STERLING NATIONAL MORTGAGE CO., INC., A Corporation of the State of New Jersey, Appellant, v. MORTGAGE CORNER, INC., A Corporation of the State of Connecticut; Centerbank Mortgage Company, A Corporation of the State of Connecticut.
OPINION OF THE COURT
This is an appeal from an order of the district court in a diversity case granting summary judgment for the defendants on plaintiff's state law claims of breach of contract and tortious interference with a prospective economic relationship. We affirm with respect to the tortious interference claim, but reverse with respect to the contract claims, and remand for further proceedings.
Defendant The Mortgage Corner (“TMC”) runs a multilender mortgage loan network. Lenders on TMC's network regularly fax their current mortgage rates, terms, and conditions to TMC financial service representatives (“FSRs”) stationed in various local real estate offices.1 The FSRs then present these rates and terms to potential homebuyers. In this manner, lenders compete for business, and consumers have a choice of mortgage rates and terms. For its part, TMC receives a percentage of each loan that closes as a result of its referral.

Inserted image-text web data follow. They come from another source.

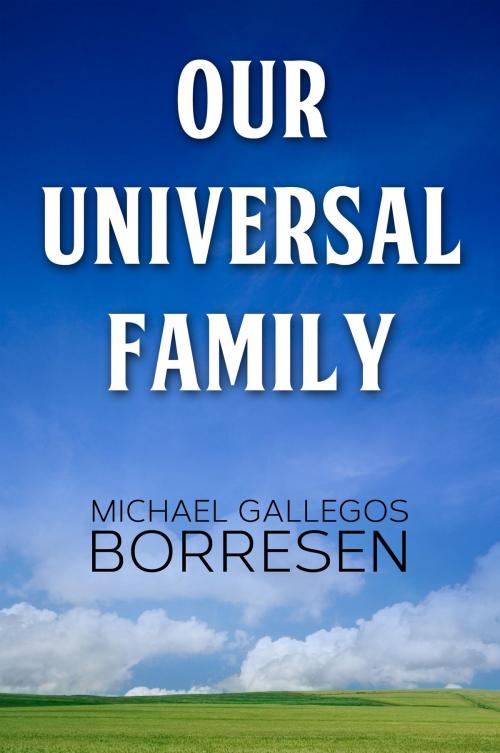 Cover of the book Our Universal Family by Michael Gallegos Borresen, eBookIt.com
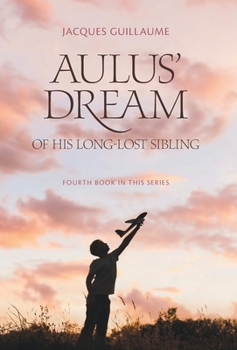 Hardcover Aulus' Dream of his Long-Lost Sibling: Fourth Book in this Series Book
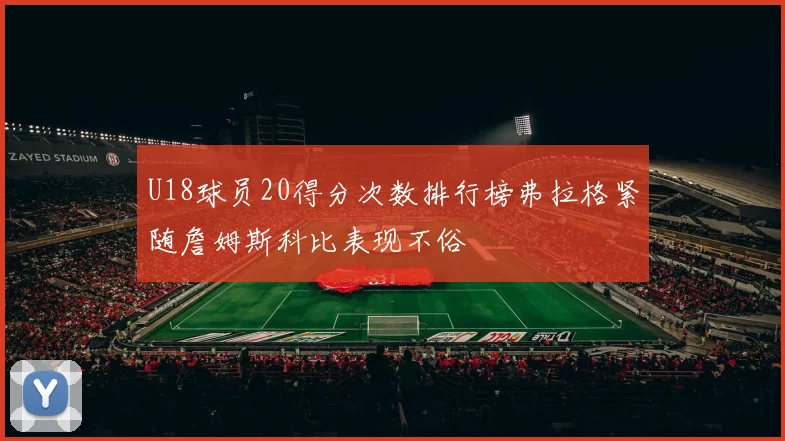 U18球员20得分次数排行榜弗拉格紧随詹姆斯科比表现不俗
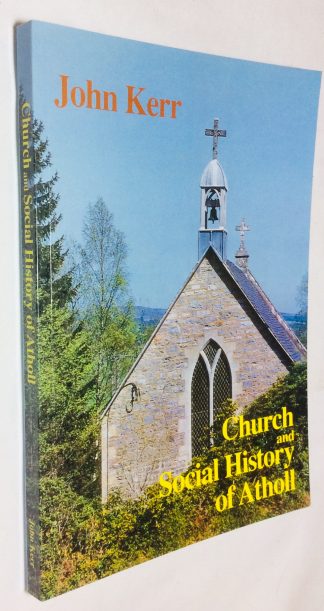 Church and Social History of Atholl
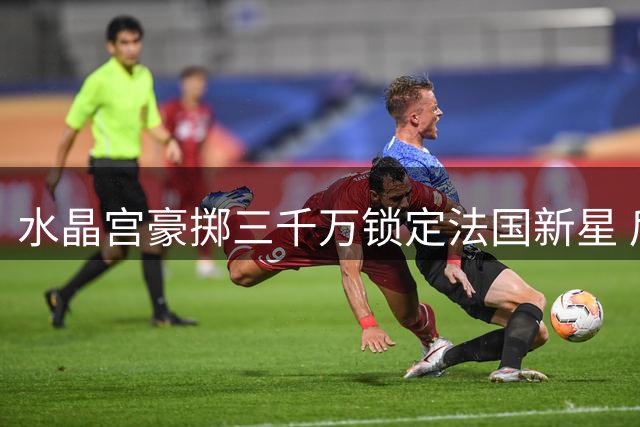 水晶宫豪掷三千万锁定法国新星 后防补强进入倒计时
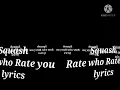 Squash - Rate Who Rate You Lyrics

On July 23, 1992, Sterling National Mortgage Company (“Sterling”) entered into an agreement with TMC pursuant to which it became a lender on the TMC network. Under this agreement, TMC “may submit completed Mortgage Loan Applications to [Sterling] from time to time.” (J.A. at 18.) Sterling, in turn, had a duty to “process, accept, issue mortgage loan commitments for, fund and close, in a timely manner,” the applications submitted by TMC. (J.A. at 18.) For each completed loan, Sterling would pay TMC .625 basis points. (Pl.'s Br. at 7.) The agreement was to last one year but could “be terminated without cause by either party upon thirty (30) days written notice to the other.” (J.A. at 20.) Sterling geared up for the network competition. It hired two people to service both the TMC system and a similar network. By February 1993, Sterling was performing well and had received 109 mortgage applications.
All was not, however, copacetic. Centerbank Mortgage Company (“CMC”) owned TMC. CMC was also a lender on the network, and it was TMC's hope that CMC would secure a significant number of loan referrals from the FSRs. To this end, TMC management stressed its goal to the FSRs.2 FSRs were also paid higher commissions for CMC referrals. Eventually, according to Sterling, FSRs were specifically discouraged from referring loans to Sterling,3 and ultimately, on April 27, 1993, TMC's Regional Manager Nicholas Meras issued a memorandum instructing the FSRs to stop accepting Sterling applications. It was not until May 14, 1993, (two and one half weeks after this effective termination) that TMC sent Sterling the thirty day notice of termination required under the agreement. That notice, which was properly executed, became effective June 14, 1993.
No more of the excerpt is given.